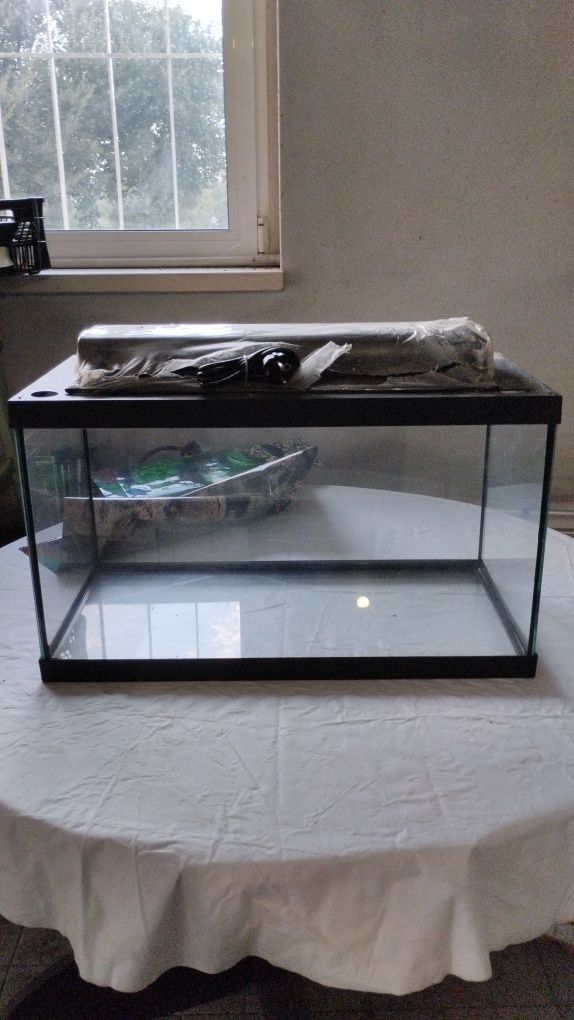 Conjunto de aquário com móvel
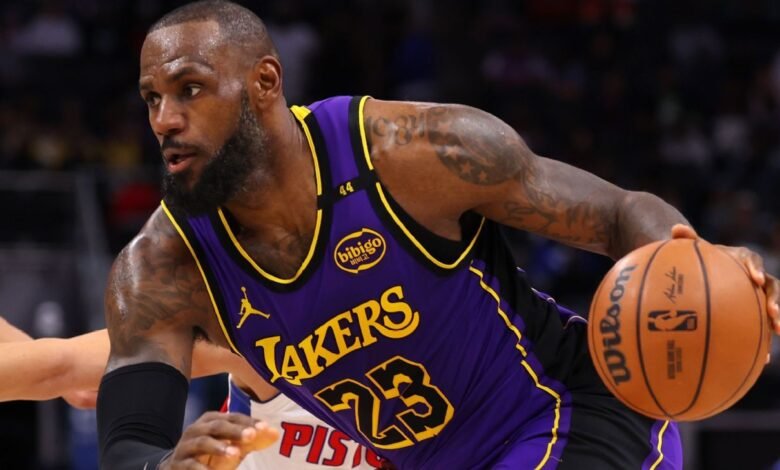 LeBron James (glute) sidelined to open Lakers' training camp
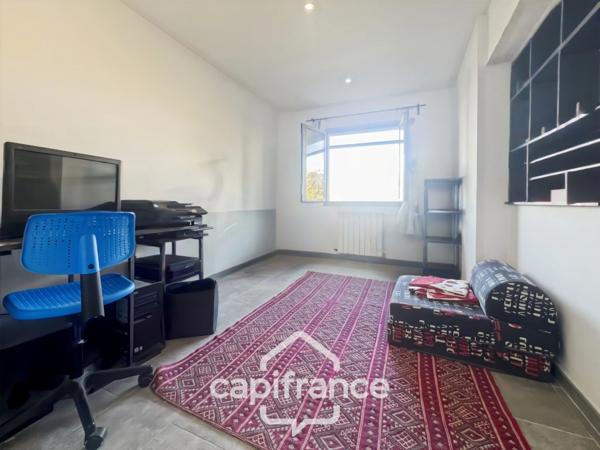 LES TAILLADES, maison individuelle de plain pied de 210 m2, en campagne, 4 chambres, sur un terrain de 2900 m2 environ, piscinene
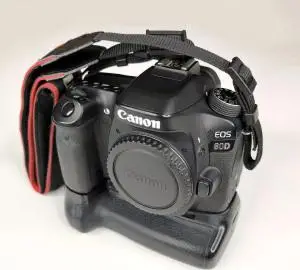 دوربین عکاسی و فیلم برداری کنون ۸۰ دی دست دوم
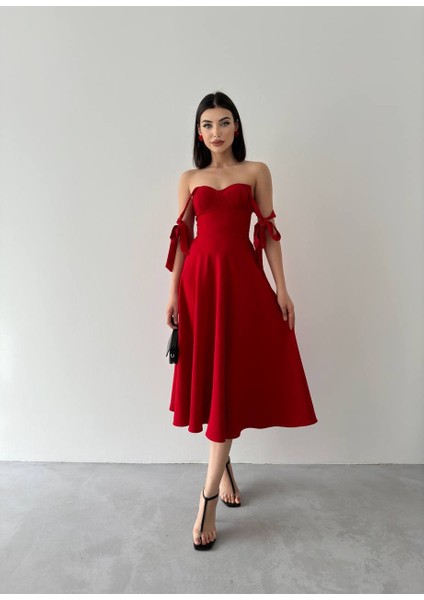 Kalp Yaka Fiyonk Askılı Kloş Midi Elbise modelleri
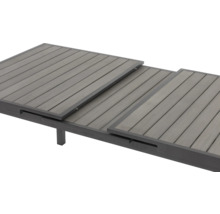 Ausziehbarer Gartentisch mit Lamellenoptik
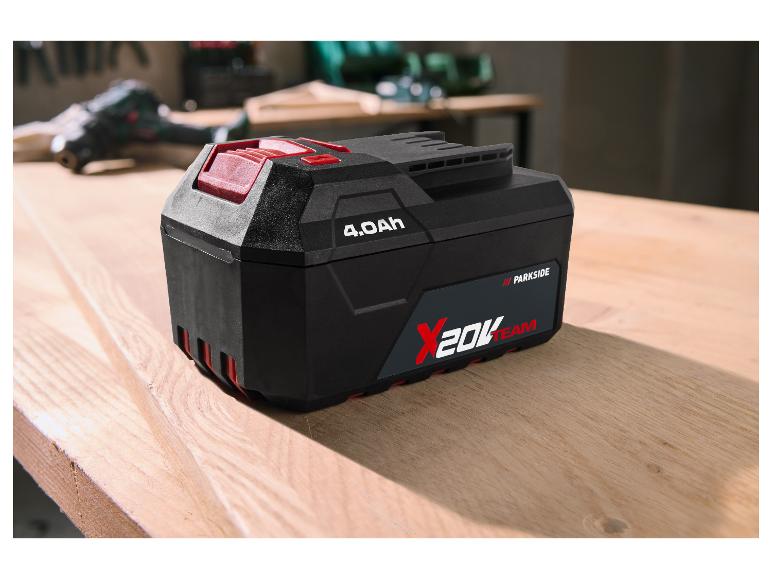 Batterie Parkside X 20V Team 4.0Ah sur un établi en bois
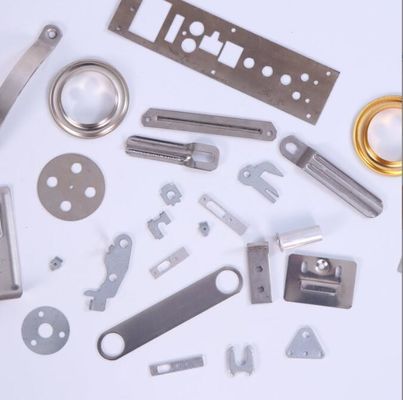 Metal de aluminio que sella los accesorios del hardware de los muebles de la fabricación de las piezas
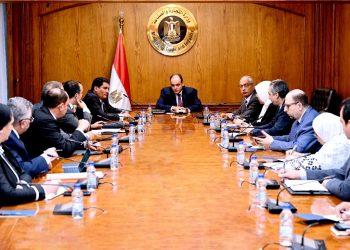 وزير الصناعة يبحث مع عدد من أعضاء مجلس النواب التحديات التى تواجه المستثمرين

****************************************

- [AIM OF THE TASK] Copy exactly the lines that run from the line containing "Ausziehbarer Gartentisch mit Lamellenoptik" to the end of the data above, keeping both end lines and leaving out all pictures.

- [REPLY]
 Ausziehbarer Gartentisch mit Lamellenoptik
 Batterie Parkside X 20V Team 4.0Ah sur un établi en bois
 Metal de aluminio que sella los accesorios del hardware de los muebles de la fabricación de las piezas
 وزير الصناعة يبحث مع عدد من أعضاء مجلس النواب التحديات التى تواجه المستثمرين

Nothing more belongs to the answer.